Nadia Lyngdoh-Sommer ’25
Much like Burnside, Lyngdoh-Sommer is quite familiar with the societal issues Syracuse residents face on a daily basis as a tutor for students on the north side of the city through the Shaw Center, the University’s hub for academic community engagement.
Unlike her fellow cohort members, Lyngdoh-Sommer comes in without any previous research experience. But growing up in Singapore, Lyngdoh-Sommer witnessed how the country uses AI technology to police and surveil its citizens.
This fellowship represents the perfect introduction to the field of how AI weapons systems transform war and surveillance activities and accentuate the social and political vulnerabilities of humans to violence.
“My sociology major was really helpful because I was already familiar with a lot of the background on the inequalities and criminal justice issues in Syracuse.

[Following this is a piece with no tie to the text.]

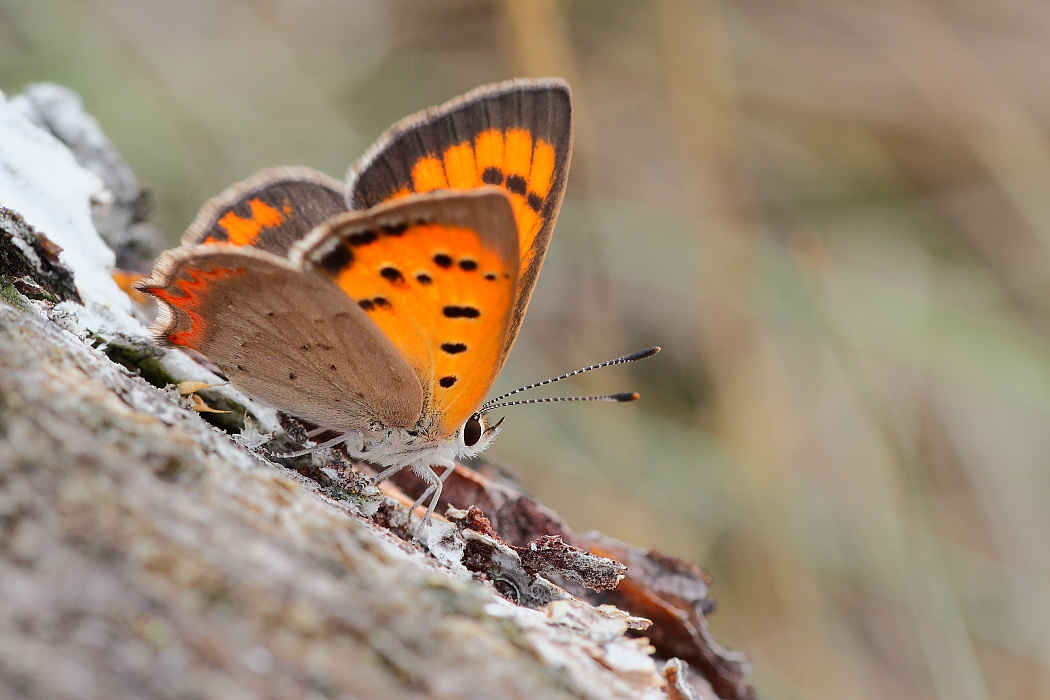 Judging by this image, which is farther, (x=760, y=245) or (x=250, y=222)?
(x=760, y=245)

We are researching how AI adds to the militarization and disproportionate policing efforts in certain communities in Syracuse. Certain areas are affected much more by this over-policing, and AI plays a large role in that,” Lyngdoh-Sommer says.
Cheryl Olanga ’25
Whenever Olanga logs into her social media channels, she notices a problem. The AI systems used display embedded patterns of bias, discrimination, racism, ableism and sexism. And that doesn’t sit well with Olanga, a sophomore studying computer science in the College of Engineering and Computer Science.
Since coming to the University, Olanga says she’s become more aware of the ways AI is inherently biased against people of color and plans to use her student fellowship and her academic pursuits to devise a framework and a blueprint for devising solutions to the implicit biases found in AI.

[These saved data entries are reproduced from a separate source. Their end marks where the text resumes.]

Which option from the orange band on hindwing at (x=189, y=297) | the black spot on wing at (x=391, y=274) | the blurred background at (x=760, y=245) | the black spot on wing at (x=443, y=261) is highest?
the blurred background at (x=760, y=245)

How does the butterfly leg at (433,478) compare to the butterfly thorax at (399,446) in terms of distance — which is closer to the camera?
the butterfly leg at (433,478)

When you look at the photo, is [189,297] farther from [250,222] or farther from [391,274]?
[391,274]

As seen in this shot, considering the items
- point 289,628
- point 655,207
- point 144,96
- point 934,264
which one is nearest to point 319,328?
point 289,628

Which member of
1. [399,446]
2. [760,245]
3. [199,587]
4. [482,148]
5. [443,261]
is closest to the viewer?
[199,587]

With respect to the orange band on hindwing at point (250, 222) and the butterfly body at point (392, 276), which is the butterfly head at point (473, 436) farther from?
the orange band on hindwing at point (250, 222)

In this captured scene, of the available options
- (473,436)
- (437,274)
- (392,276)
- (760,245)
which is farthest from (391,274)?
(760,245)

“My classes focus on writing and analyzing algorithms, and I want to use my computer science degree to help solve the social issues we’re facing. We will come up with solutions to combat the issues I want to change when I graduate,” Olanga says. “I’m living my dream and the Lender Student Fellowship has provided me this platform to actualize my dreams and my passion for changing these systems that have been normalized in today’s world.
Anna Terzaghi ’24
Studying social justice issues piqued Terzaghi’s interest from a young age. When she was in high school in Sydney, Australia, Terzaghi became involved in community problem-solving, devising strategies for addressing the issues that plague society.
For Terzaghi, one of the biggest issues she’s encountered has been drone surveillance, drone technology and the humanitarian issues related to AI, specifically how drones and AI track people who are trying to escape persecution.
She plans on working with the Upstate Drone Coalition—a dedicated group of Syracuse residents who often protest the ways drones are utilized in and around the area—to both better understand the why behind their work and to become inspired to get more involved in her own social justice causes.
“The ability to surveil people using drones, technology and AI, to track them as they are fleeing a situation, is problematic and comes with a lot of ethical questions. What is right when it comes to the use of drones? How are these humanitarian issues playing out on the world stage today?” says Terzaghi, a junior majoring in international relations and anthropology in the Maxwell School.